Des chefs d’entreprise sur scène
Car Gilles Flichy est un homme de réseaux : « Ça a été un mode de survie avant de devenir une compétence. J’ai beaucoup bougé dans ma vie professionnelle, alors que je n’aime pas les mutations. J’ai acquis cette capacité à construire rapidement des réseaux pour m’adapter dans ces situations instables. »
Cette méthode l’a suivi tout au long de son parcours. Pas spécialement pour le plaisir des mondanités mais pour réaliser des choses très concrètes : croiser des compétences les plus diverses possible, jouer sur la solidarité pour apporter aux dirigeants soutien et formation, sensibiliser les banquiers et assureurs aux démarches qualité… Et surtout, il a amené dans ces cercles des procédés peu orthodoxes mais hautement créatifs – le cerveau droit n’est jamais à la traîne chez lui ! – qui passent notamment par l’expérience théâtrale. Faire jouer une pièce à des dirigeants d’entreprise permet de transmettre des messages forts et de créer une atmosphère propice à l’ouverture.

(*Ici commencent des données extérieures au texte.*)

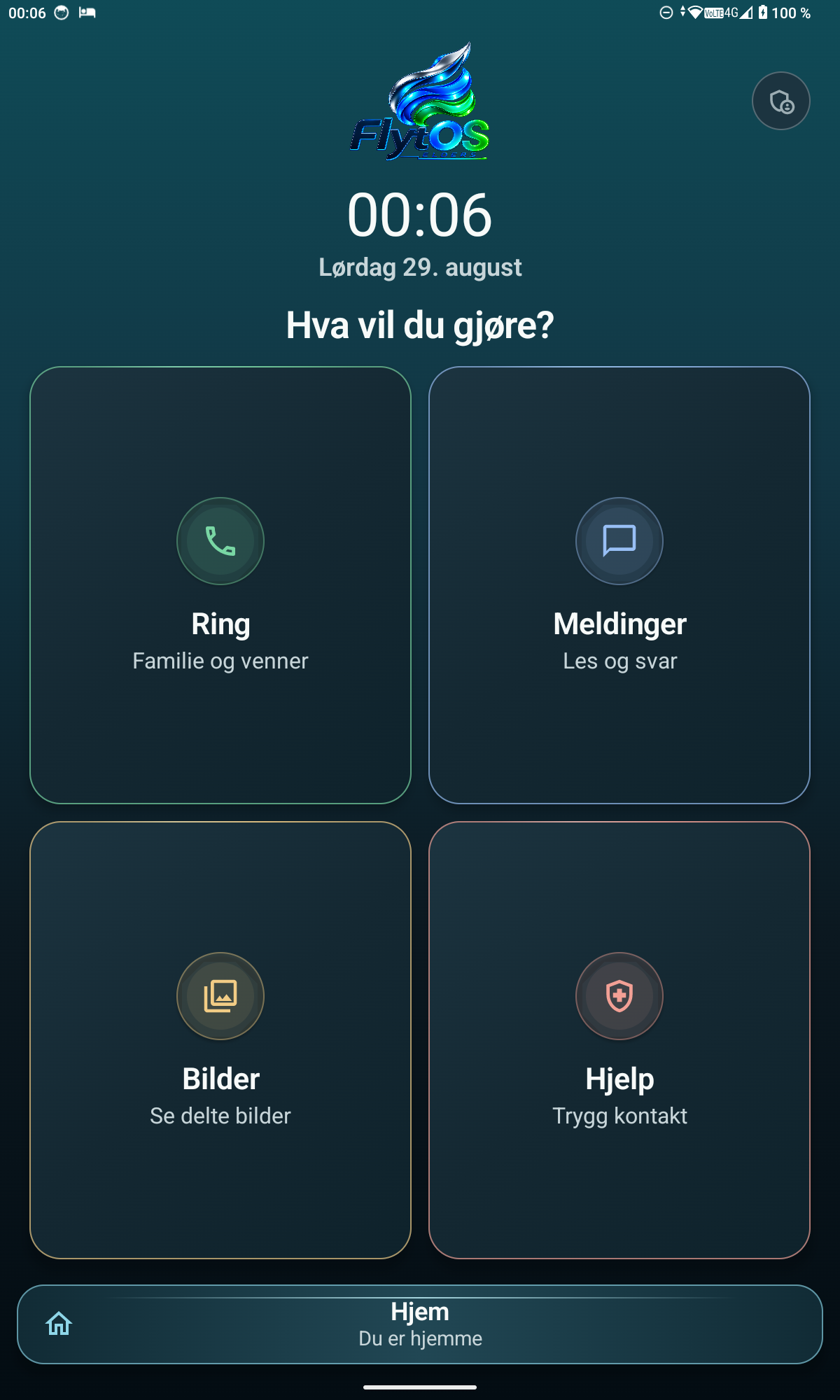 Tidligere startskjerm i FlytOS Elders med store knapper for Ring, Meldinger, Bilder og Hjelp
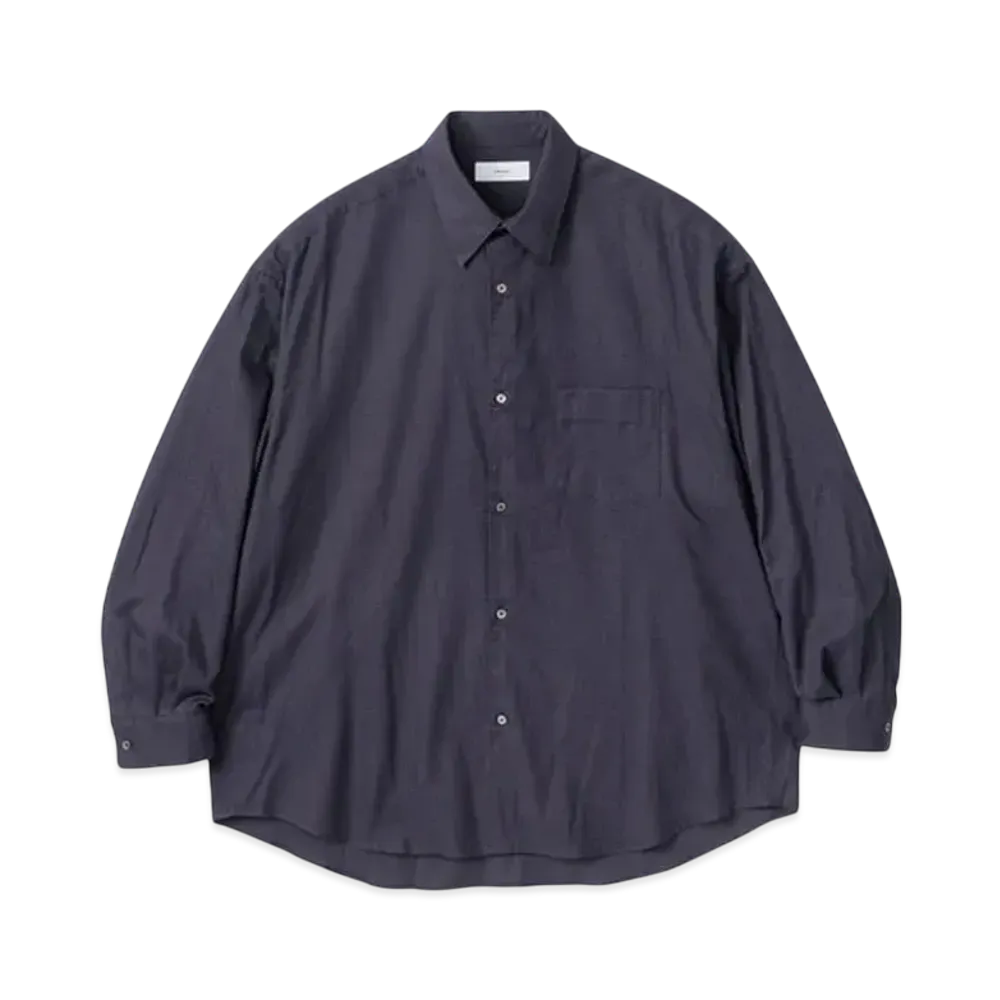 Graphpaper Cotton Cashmere L/S Oversized Regular Collar Shirt "Navy"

En Auvergne contre son gré
En 1997, après un énième licenciement, il veut changer de voie et monte un projet autour de l’orientation. « Parce que j’avais eu moi-même des questionnements restés sans réponses. Après mon bac, par les hasards de la carrière de mon père, je me trouvais à Dakar et je tournais en rond, faute de savoir sur qui m’appuyer. De plus, j’ai cinq enfants. Je suis donc sensible au sujet ! Mais le projet n’était pas simple car les parents, surtout à l’époque, considéraient que l’orientation relevait d’un service public gratuit. »
De toute façon, le projet n’aboutira jamais, car entretemps, Gilles Flichy est repéré par un chasseur de tête qui l’envoie, quasiment contre son gré, à Clermont-Ferrand. « J’avais une très mauvaise image de l’Auvergne. J’ai mis un an à faire venir ma famille, restée à Lyon… Pourtant, depuis, je n’en ai plus bougé ! »
Révélateur de talents
Il garde pourtant de son projet, et surtout des formations et bilans de compétences par lesquels il est passé, des outils et des approches qu’il a fait fructifier par la suite. Notamment ce test du « centre de gravité professionnel », qui permet de déterminer comment chaque individu fonctionne professionnellement, afin de mieux comprendre à quelle place il pourra donner le meilleur de lui-même. C’est en passant ce test qu’il comprend tout le sens de son parcours. Il se découvre un profil de « metteur en scène dérangeant », à la fois instinctif et conceptuel.
En 1998, donc, il est nommé à Clermont directeur d’une caisse de retraite en pleine mutation, avec des projets de fusion, des enjeux complexes, des attentes contradictoires.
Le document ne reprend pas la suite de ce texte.